The phrase "Indian wooden furniture" hides four very different timbers that behave very differently in the workshop, on a container floor and in a buyer's home. Get the species choice right and your program ships predictably for years. Get it wrong and you spend the first six months fielding warpage complaints. This briefing maps the four species that move most of India's furniture export volume — plus the secondary ones worth knowing.
For context: India's wooden furniture broad bucket where most dining tables, beds, sideboards and cabinets sit — accounted for roughly INR 474 crore (~USD 57M) of exports in recent months, based on D' Emporio's proprietary research. Most of that volume moves in the four species below.
The four species that move most volume

1. Sheesham (Indian Rosewood, Dalbergia sissoo)
- Density / weight class: heavy (around 770–850 kg/m³)
- Colour: warm dark brown with dramatic figure
- Behaviour: extremely stable once kiln-dried and acclimatised; takes high-polish finishes well
- Best for: dining tables, sideboards, executive desks, premium beds
- Watch-outs: not all "sheesham" in the market is the same species — spec the botanical name on the PO
2. Mango (Mangifera indica)
- Density / weight class: medium (around 650–720 kg/m³)
- Colour: golden honey with occasional darker streaks
- Behaviour: workable, takes natural and stained finishes well
- Best for: dining tables, casual living-room pieces, retail marketplace SKUs
- Watch-outs: requires careful kiln-drying or warpage will appear three months in; ask for moisture-content certificates
3. Acacia (Acacia spp.)
- Density / weight class: medium-heavy (~720–800 kg/m³)
- Colour: mid-brown with darker grain lines
- Behaviour: hard, durable, takes oil finishes very well
- Best for: dining tables, outdoor furniture (treated), benches, cutting boards, butcher-block tops
- Watch-outs: grain interlock makes hand-sanding slower; spec for power-sanded finish
4. Teak (Tectona grandis)
- Density / weight class: heavy (~660–720 kg/m³ depending on origin)
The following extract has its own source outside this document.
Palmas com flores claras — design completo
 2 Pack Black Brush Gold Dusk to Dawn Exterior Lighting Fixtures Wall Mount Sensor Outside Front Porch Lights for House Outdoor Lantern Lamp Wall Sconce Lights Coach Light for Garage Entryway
- Colour: honey gold weathering to silver-grey if untreated outdoors
- Behaviour: oily, naturally resistant to insects and moisture
- Best for: outdoor furniture, marine applications, hospitality signature pieces, beds
- Watch-outs: plantation teak vs aged Burmese teak are different products with very different prices; spec the source
Secondary species worth knowing
- Rubberwood (Hevea brasiliensis) — plantation timber, light cream colour, very stable when properly kiln-dried, widely used for upholstered furniture frames and KD construction
- Saal (Shorea robusta) — heavy structural timber, less common in export furniture, occasionally used for restaurant tables and bases
- Neem — locally important but rarely in export furniture
- Imported timber — oak, walnut, cherry, ash; Indian factories routinely import these from Europe and North America for buyers who want a familiar species. We do this regularly for US and EU programs
How to spec the right species
Three questions answer most of it:
- Where will the piece live? Dry indoor → most species work.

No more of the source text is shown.